Dataset extract
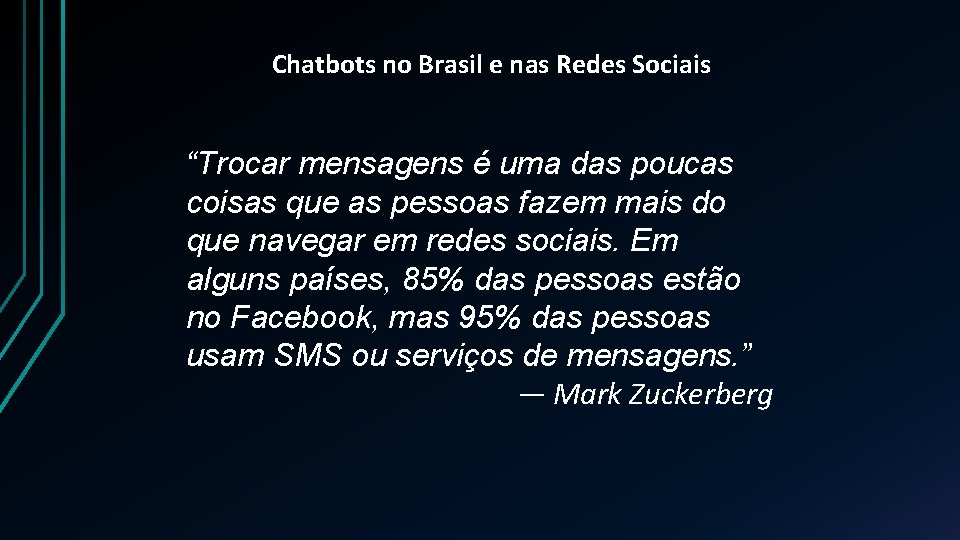 Chatbots no Brasil e nas Redes Sociais “Trocar mensagens é uma das poucas coisas
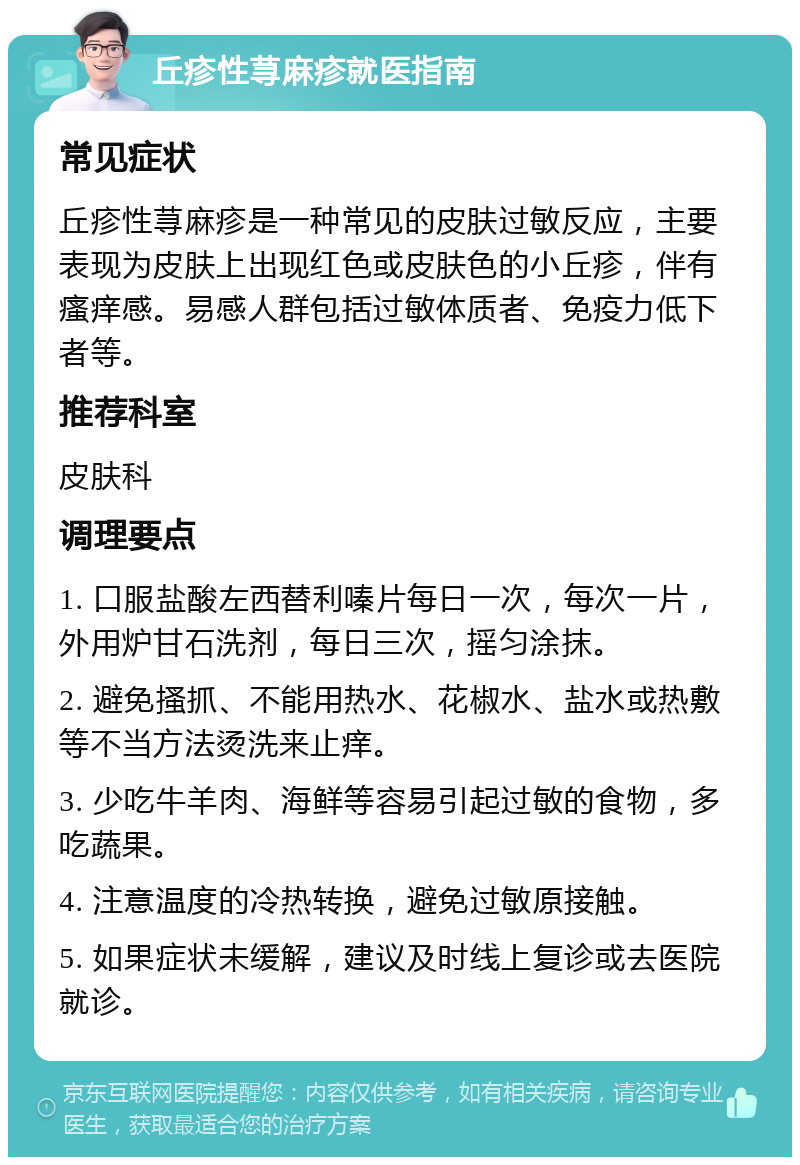 丘疹性荨麻疹就医指南 常见症状 丘疹性荨麻疹是一种常见的皮肤过敏反应，主要表现为皮肤上出现红色或皮肤色的小丘疹，伴有瘙痒感。易感人群包括过敏体质者、免疫力低下者等。 推荐科室 皮肤科 调理要点 1. 口服盐酸左西替利嗪片每日一次，每次一片，外用炉甘石洗剂，每日三次，摇匀涂抹。 2. 避免搔抓、不能用热水、花椒水、盐水或热敷等不当方法烫洗来止痒。 3. 少吃牛羊肉、海鲜等容易引起过敏的食物，多吃蔬果。 4. 注意温度的冷热转换，避免过敏原接触。 5. 如果症状未缓解，建议及时线上复诊或去医院就诊。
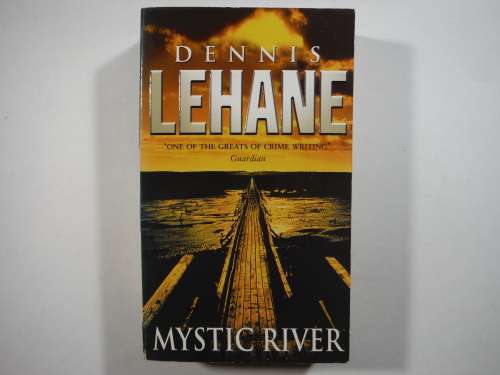 Mystic River - Paperback - Dennis Lehane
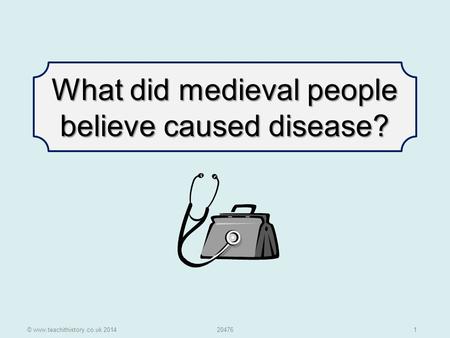 © www.teachithistory.co.uk 201420476 1 What did medieval people believe caused disease?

Activity
Set down the material above word for word and skip its pictures.

Solved problem
 Chatbots no Brasil e nas Redes Sociais “Trocar mensagens é uma das poucas coisas
 丘疹性荨麻疹就医指南 常见症状 丘疹性荨麻疹是一种常见的皮肤过敏反应，主要表现为皮肤上出现红色或皮肤色的小丘疹，伴有瘙痒感。易感人群包括过敏体质者、免疫力低下者等。 推荐科室 皮肤科 调理要点 1. 口服盐酸左西替利嗪片每日一次，每次一片，外用炉甘石洗剂，每日三次，摇匀涂抹。 2. 避免搔抓、不能用热水、花椒水、盐水或热敷等不当方法烫洗来止痒。 3. 少吃牛羊肉、海鲜等容易引起过敏的食物，多吃蔬果。 4. 注意温度的冷热转换，避免过敏原接触。 5. 如果症状未缓解，建议及时线上复诊或去医院就诊。
 Mystic River - Paperback - Dennis Lehane
 © www.teachithistory.co.uk 201420476 1 What did medieval people believe caused disease?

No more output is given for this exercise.